Jessica, EVS volunteer at Voluntariat, shares her experience participating at a SCI Workcamp in Vojsko, Idrija (Slovenia).
It has been almost a month since I came back from my first SCI work camp. For a week I was in Vojsko, a village near Idrija (Slovenia), with six other people. Our main task was to reconstruct a view point in the centre of Vojsko. Together with the local community we would build a waking path and also paint a wooden house.
Have you ever been with the same people, 24/7 under the same roof for a week, sharing everything you had? If you did, you know what I’m talking about. There is so much you learn about those people and the bonds you form are incomparable. If you didn’t, I hope you can get a better idea after reading this.
At first, everyone is a bit shy and we try to memorise each other names. Those are the first awkward hours or days, where you try to know a bit of everybody and finding people who you connect the most with. That evolves rapidly, and eventually you find people to whom you share more affinities.
Time goes by. There will be moments where you laugh so much you cannot walk anymore. You will start having your own private jokes. You will have these jokes that only you understand, and you start laughing alone, your now friends will follow you, and those are the little moments you build together and that you will take with you.

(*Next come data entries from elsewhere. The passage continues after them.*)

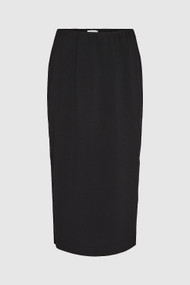 Minimum Jessa Midi Skirt in Black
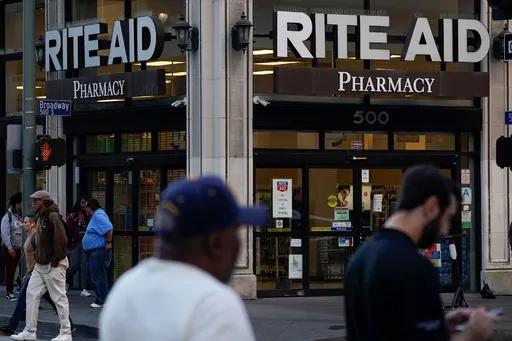 銷售下滑　美連鎖藥局聲請破產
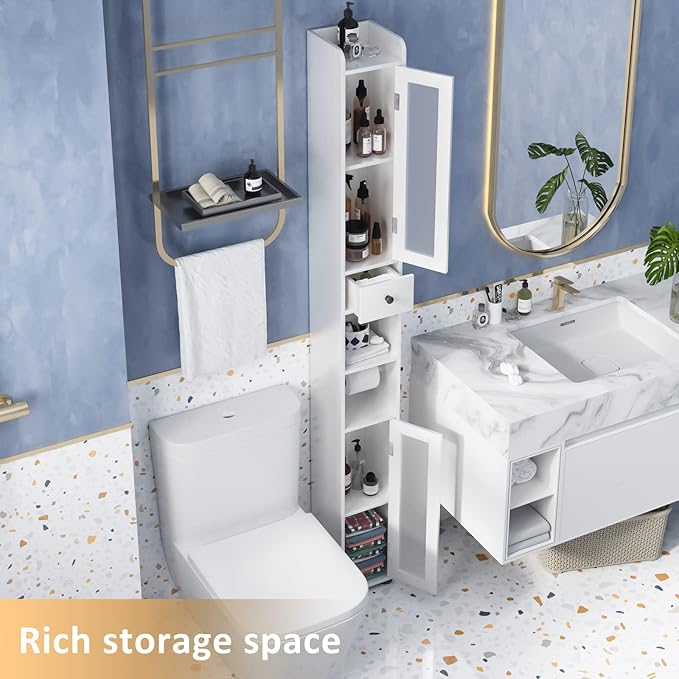 Maupvit Bathroom Storage Cabinet - Image 3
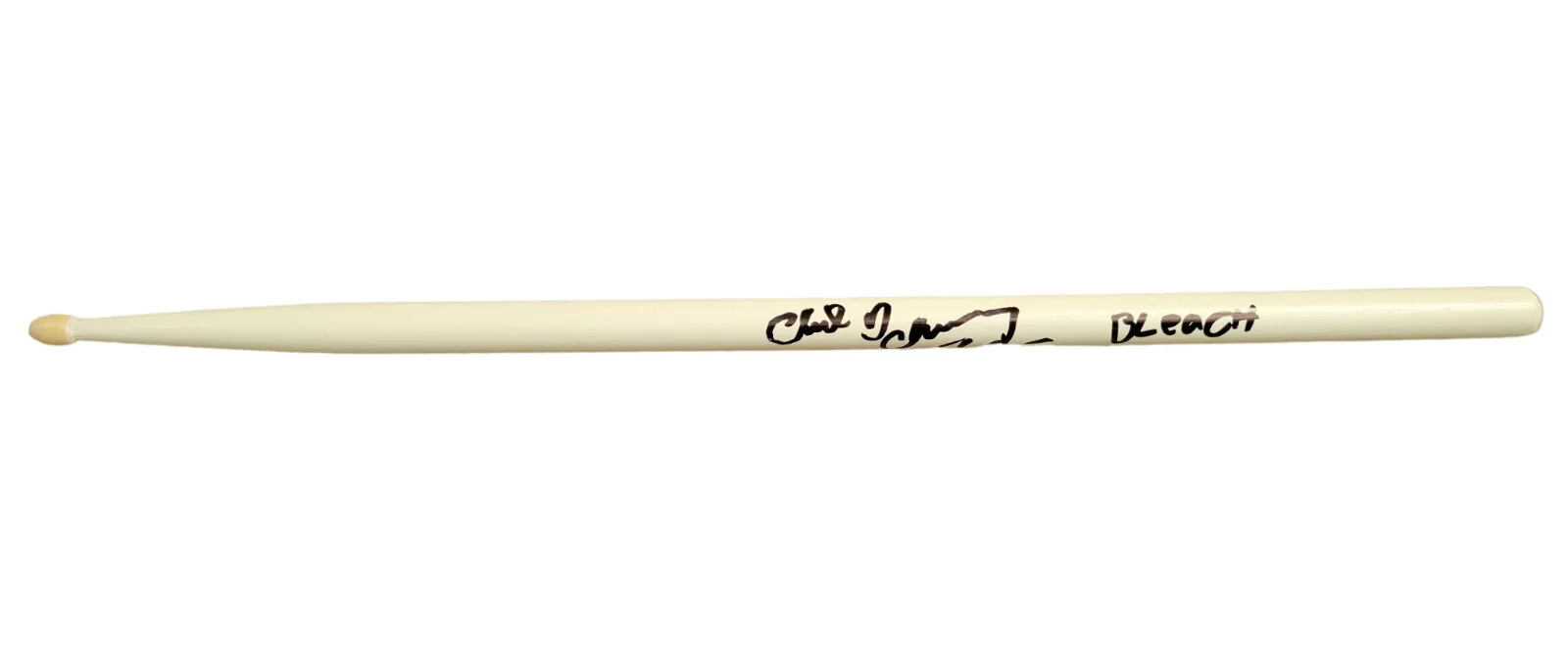 Chad Channing Nirvana drummer signed Drumstick COA exact proof autographed, image 2
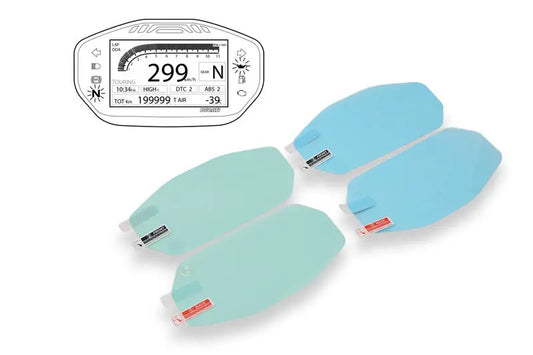 CNC Racing Dashboard Screen Protectors Ducati Monster / Panigale / Streetfighter / Supersport / Hypermotard 950 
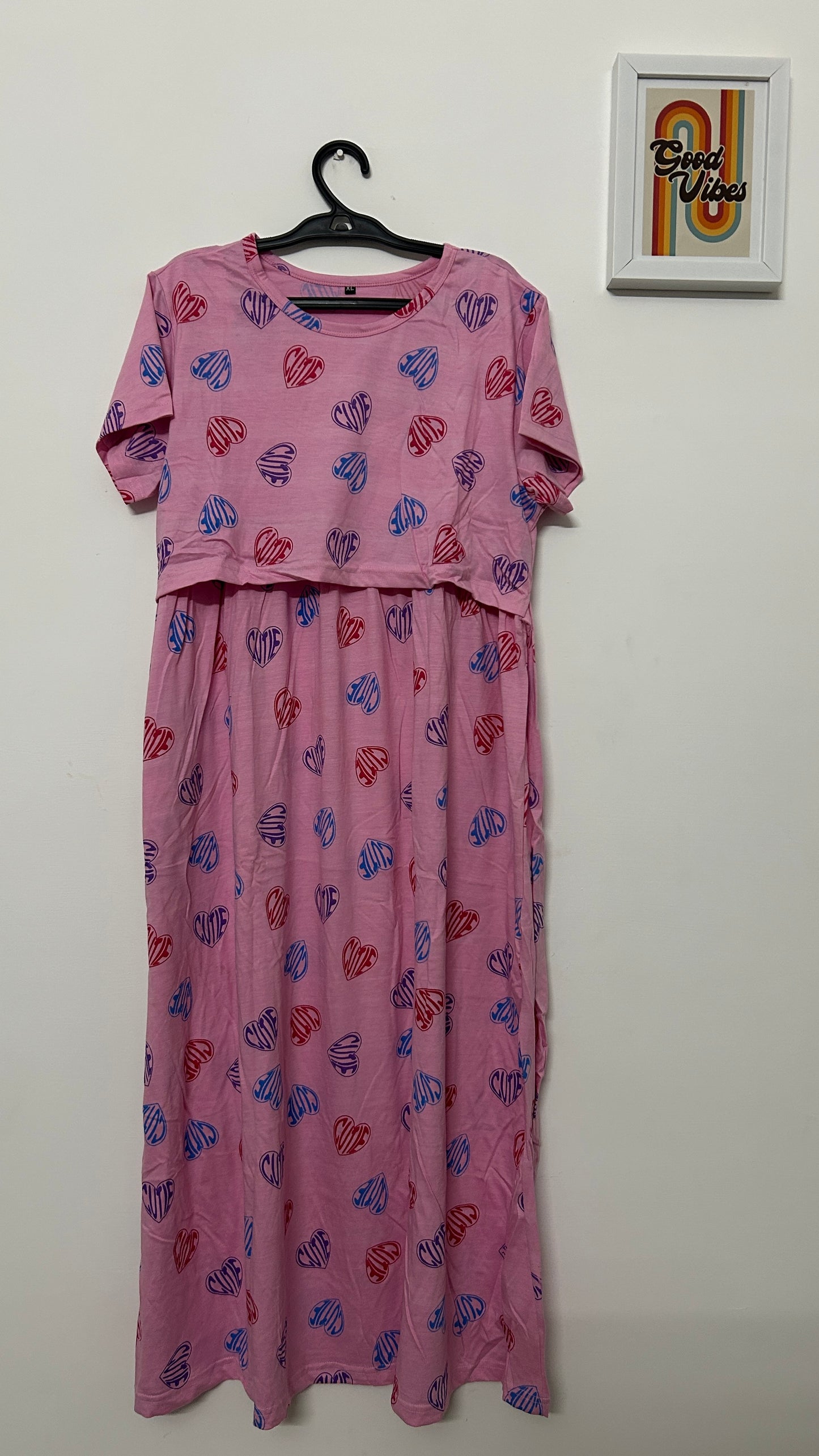 Maternity Feeding Gown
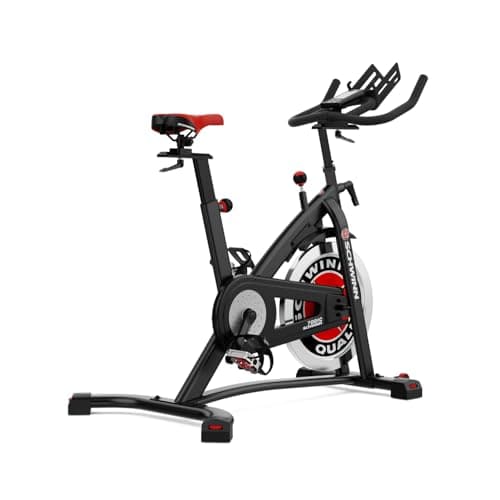 Schwinn 700IC Bicicleta de Ciclo Indoor | Volante 18,1 kg, Resistencia Infinita, Asiento y Manillar Ajustables, Pedales SPD, Silenciosa, Sin Suscripción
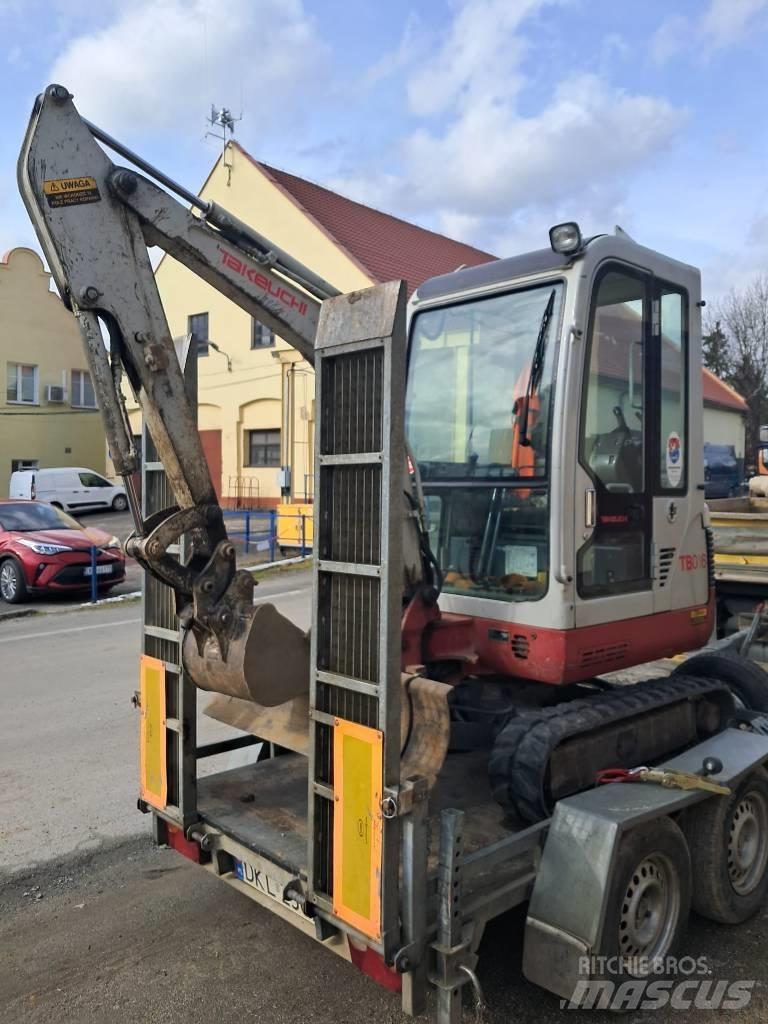 Takeuchi TB016 Minigravere <7t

You will spend so much time together sharing shampoo or food or clothing, or all of them!, that you will learn about each other small routines and you will really learn how to share. These are the small things that bring you closer to the people; how one always drinks coffee first thing in the morning, how another person is always the first to wake up, how there is one of you who is always prepared with water and snacks, how the other always forgets sunscreen, … How much do you know of your friends’ daily routines? There is some beauty in learning these things from strangers; It is almost like there is some sort of inversion in the bond you form compared to what you first learn about someone: you first get to know their private, most personal habits, to learn more general things about them.

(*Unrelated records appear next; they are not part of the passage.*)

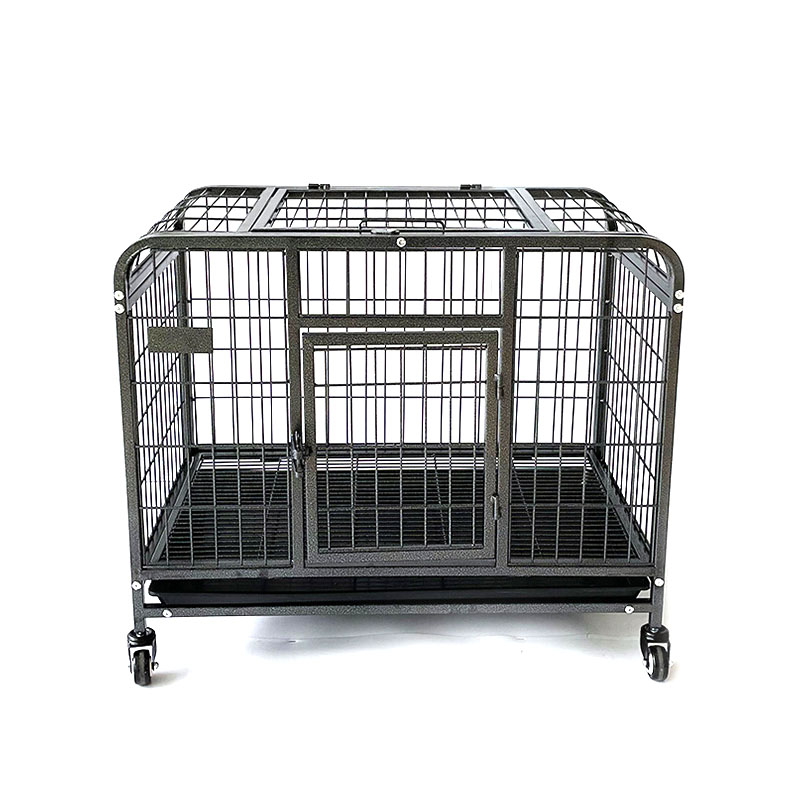 Fyrkantigt rör för hundbur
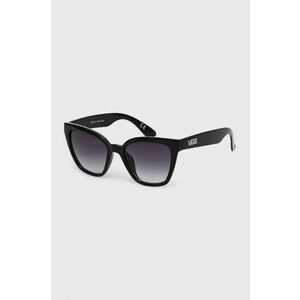 Vans ochelari de soare culoarea negru, VN000HEDBLK1 imagine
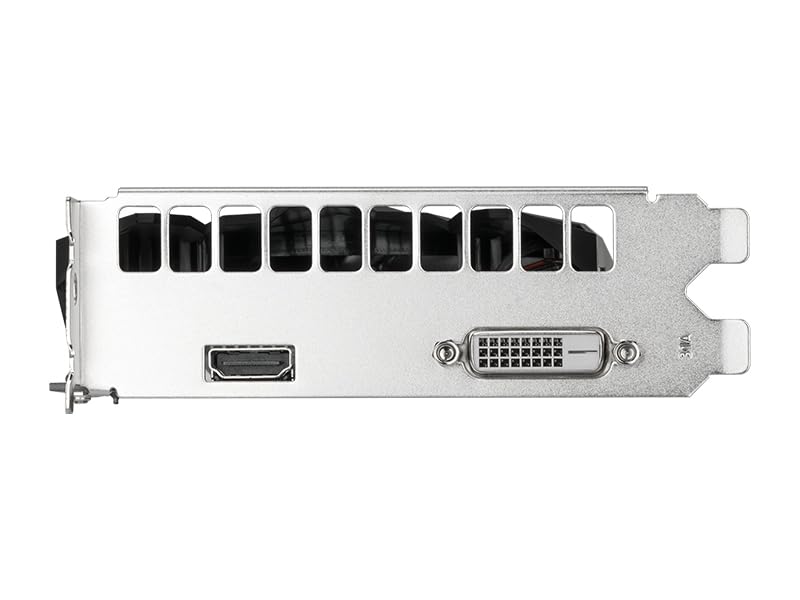 MAXSUN ماكسون GEFORCE GT 1030 4GB GDDR4 بطاقة رسومات فيديو تصميم mini ITX، HDMI، DVI-D، نظام تبريد مروحة واحدة - Image 3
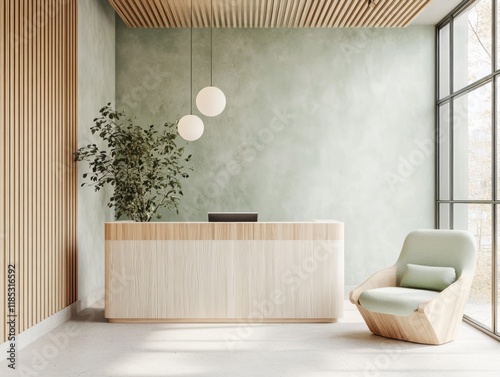 Modern Minimalist Reception...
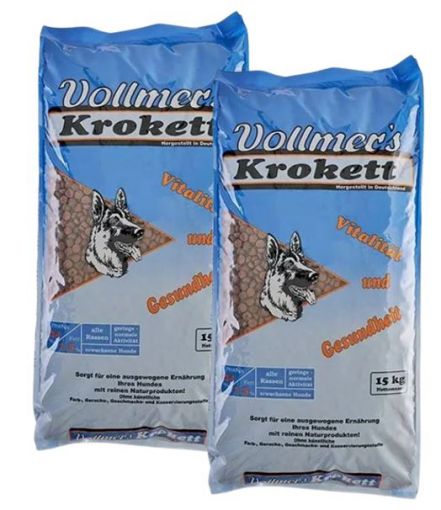 Vollmers Krokett 2 x 15 kg Doppelpack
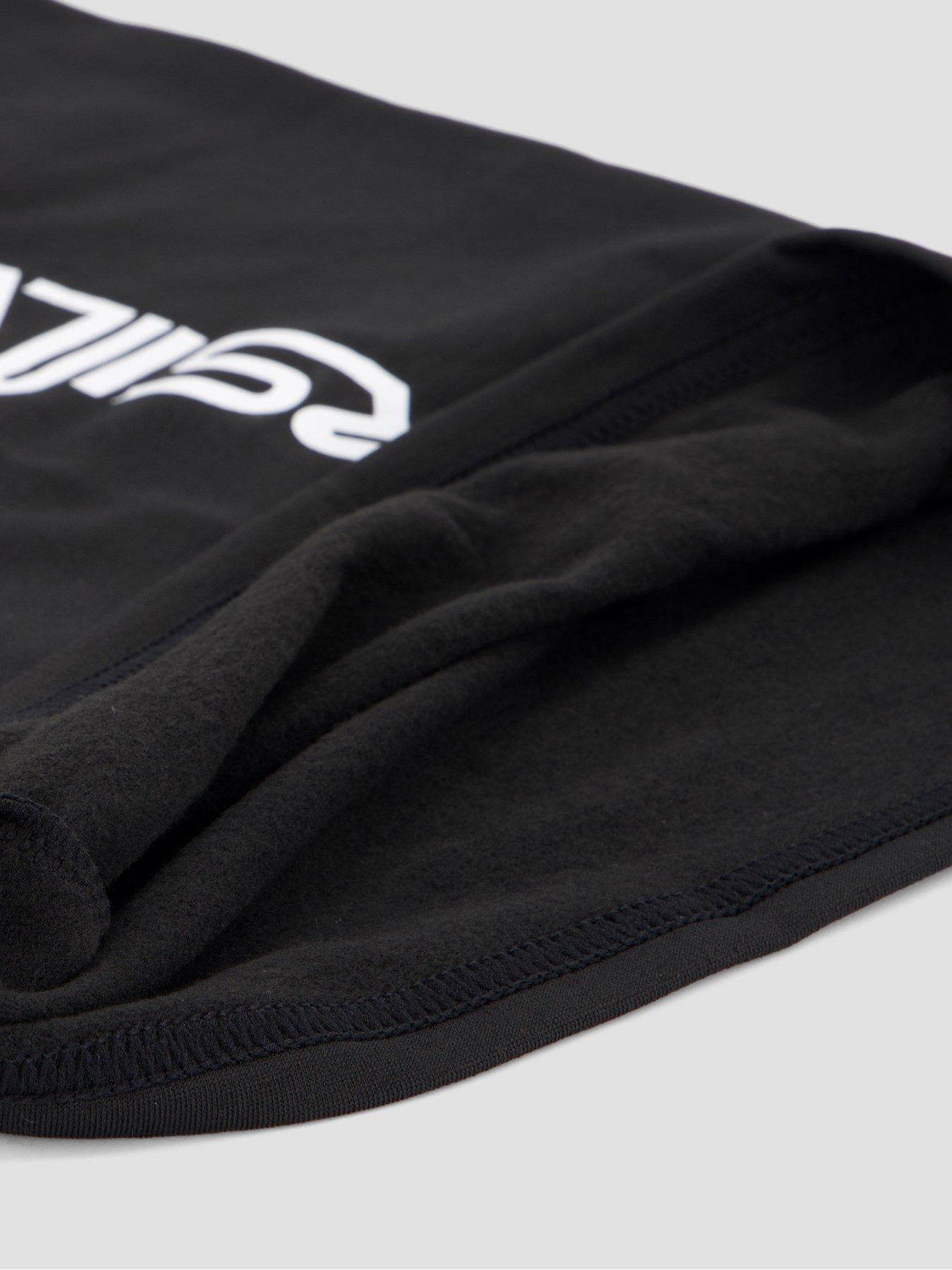 Image 4 of 4 of Quiksilver Mens Skiing Misty Snood - Black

You also get to know the local community. If you are as lucky as we were, they will welcome you with the most generous hearts, and will give you everything they have. There was an association of women who prepared delicious meals for us every day. A meal always came with dessert and coffee and funny talks – us trying to mimic and speak Slovene, they smiling back at us. I am so grateful that I entered these people’s houses. One of the ladies we visited offered us some lacing work she did herself; her husband was learning Italian so he tried to communicate with me that way. He was googling about Portugal and my home town, and telling me how welcome I was at their house. It goes without saying, they offered us their own crafted schnapps and wine. This blog post would be too small to share my appreciation to all of the people we have met. I cannot forget Idrija’s Geopark team, the municipality of Idrija, the association of rural women, and many other who contributed to this experience.

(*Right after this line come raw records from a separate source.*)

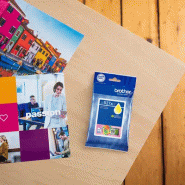 Cartouche d'encre haute capacité LC527XLY Brother d'origine - Jaune_4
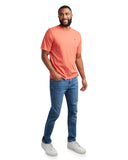 Mens Short Sleeve Mountain - Burnt Orange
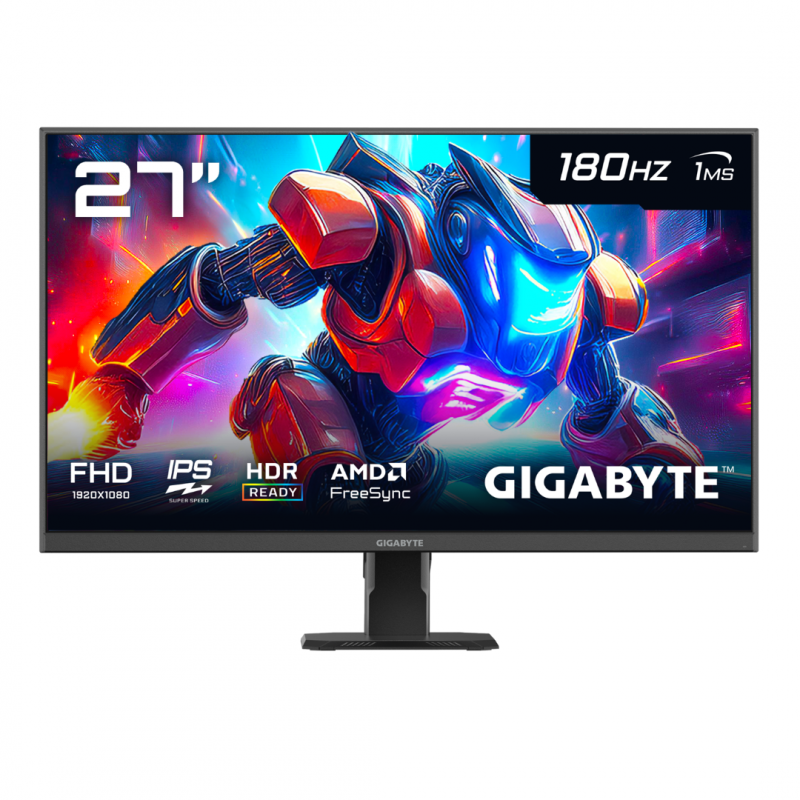 MONITOR GAMER GIGABYTE 27 GS27QA SA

Without them we wouldn’t be able to explore as much as we did of the region: we visited the partisan print shop museum, walked through Idrija’s geopark, saw waterfalls and mountains, visited the mines and the castle, participated in a local festivity in Vojsko and learned traditional lacing!
Last but not least, in that week I got to know my friend Lenka better than I did in the previous 5 months. We were together at the camp and were friends and colleagues before the camp. There we found a common language together and we learned that our personalities match entirely. We worked perfectly as a team together and gave each other encouragement and funny songs to sing together. I will never forget how much fun, sharing and growing we experienced together in this work camp. It was truly amazing. I am very grateful for this, and also for all the other participants that I met. They have made this work camp the best volunteering experience I have ever had.
Work camps are a combination of interacting, sharing, working together, supporting each other, expanding one’s horizons, and taking all those precious moments with you. Take them back to where you started and see what happens. But you will have to wait until next year to get closer to what you’ve felt in that week!